The oldest version of the Old Testament revealed by 3D imaging
Researchers in Kentucky and Jerusalem were able read it using three dimensional digital analysis of an X-ray scan, the Science Advances Journal announced.
In a statement, Seales said: “This work opens a new window through which we can look back through time by reading materials that were thought lost through damage and decay”. In fact, En-Gedi hasn’t been read for millennia.
The digital technology, funded by Google and the U.S. National Science Foundation, is slated to be released to the public as open source software by the end of next year.
The charred scroll from En-Gedi.

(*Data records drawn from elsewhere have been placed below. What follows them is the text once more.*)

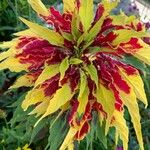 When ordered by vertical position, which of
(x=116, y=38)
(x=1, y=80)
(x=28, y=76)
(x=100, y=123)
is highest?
(x=116, y=38)

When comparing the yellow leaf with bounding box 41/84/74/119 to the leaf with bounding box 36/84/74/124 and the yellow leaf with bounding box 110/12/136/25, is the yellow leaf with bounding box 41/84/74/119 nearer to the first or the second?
the leaf with bounding box 36/84/74/124

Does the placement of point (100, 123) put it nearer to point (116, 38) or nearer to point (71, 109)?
point (71, 109)

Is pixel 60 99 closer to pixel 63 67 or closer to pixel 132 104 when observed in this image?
pixel 63 67

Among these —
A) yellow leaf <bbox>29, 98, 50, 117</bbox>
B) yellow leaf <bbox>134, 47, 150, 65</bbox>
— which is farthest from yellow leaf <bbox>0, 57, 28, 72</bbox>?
yellow leaf <bbox>134, 47, 150, 65</bbox>

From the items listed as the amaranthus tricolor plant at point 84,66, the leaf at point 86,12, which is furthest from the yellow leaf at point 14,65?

Archaeologists in 1970 uncovered En-Gadi, a site west of the Dead Sea which was once home to a large Jewish community from the eighth century BCE until it was destroyed by fire around 600 CE.
The ark from En-Gedi stored crumpled debris that had once been holy biblical scrolls. Because the scroll wasn’t just rolled-but actually crushed and burned-each page surface has an arbitrary shape. “It can’t be coincidental that the synagogue in Ein Gedi that was burned in the sixth century housed an early scroll whose text was completely identical with medieval texts”.
“Although more automation in the pipeline is possible, we have now achieved our overarching goal, which is the creation of a new restoration pathway – a way to overcome damage – to reach and retrieve text from the brink of oblivion”, writes Seales. In 2015, Italian scientists were able to reveal a few words and letters embedded in a charred scroll that survived the catastrophic eruption of Mt. Vesuvius almost two millennia ago.
Their first step was to overlay a mesh of tiny triangles onto the 3-D structure of the scroll to separate out the individual layers.
The opened ancient Dead Sea Scroll shows the wonderful truth!
So, they increased the spatial resolution of the scan, allowing them to capture whether or not each layer had detectable ink.
However, the text was illegible.
Yet a team of archaeologists and computer scientists led by Brent Seales, a computer imaging expert at the University of Kentucky, has digitally unwrapped it.
“It was certainly a shot in the dark”, Shor said. The En-Gedi manuscript is the first heavily damaged ancient scroll to be virtually unraveled and read, line by line, without opening it.
Digital manipulation adjusted the virtual scroll’s texture and flattened it so the text was legible. So they took one scroll and after several calibration scans, picked up what they thought was probably ink. The damaged layers were then isolated digitally through a process called segmentation. Now an global team of scientists has managed to do so by virtually unrolling the scroll, revealing the text hidden deep within: the first few verses from the book of Leviticus. Through virtual unwrapping, they have revealed it to be the earliest copy of a Pentateuchal book – Leviticus – ever found in a Holy Ark. Each line has 33 to 34 letters.
Michael Segal, a professor at the Hebrew University of Jerusalem and a coauthor on the study, said that he and a colleague, Emanuel Tov, analyzed the scroll after the team in Kentucky made it readable.
Radiocarbon analysis has shown that the En-Gedi scroll dates to the third or fourth century AD.
“Hence, the En-Gedi scroll provides an important extension to the evidence of the Dead Sea Scrolls and offers a glimpse into the earliest stages of nearly 800 years of near silence in the history of the biblical text”, the researchers wrote in the study. The Dead Sea Scrolls, dating to as early as the 3rd century B.C., featured versions of the text that are radically different than today’s Hebrew Bible.Scholars have believed the Hebrew Bible in its standard form first came about some 2,000 years ago, but never had physical proof, until now, according to the study. When they first looked at the results… they didn’t really know what they were looking at.
The En-Gedi text has already provided insight into religious history.
“It doesn’t tell us what was the original text, only that the Masoretic Text is a very ancient text in all of its details”, Dr. Segal said.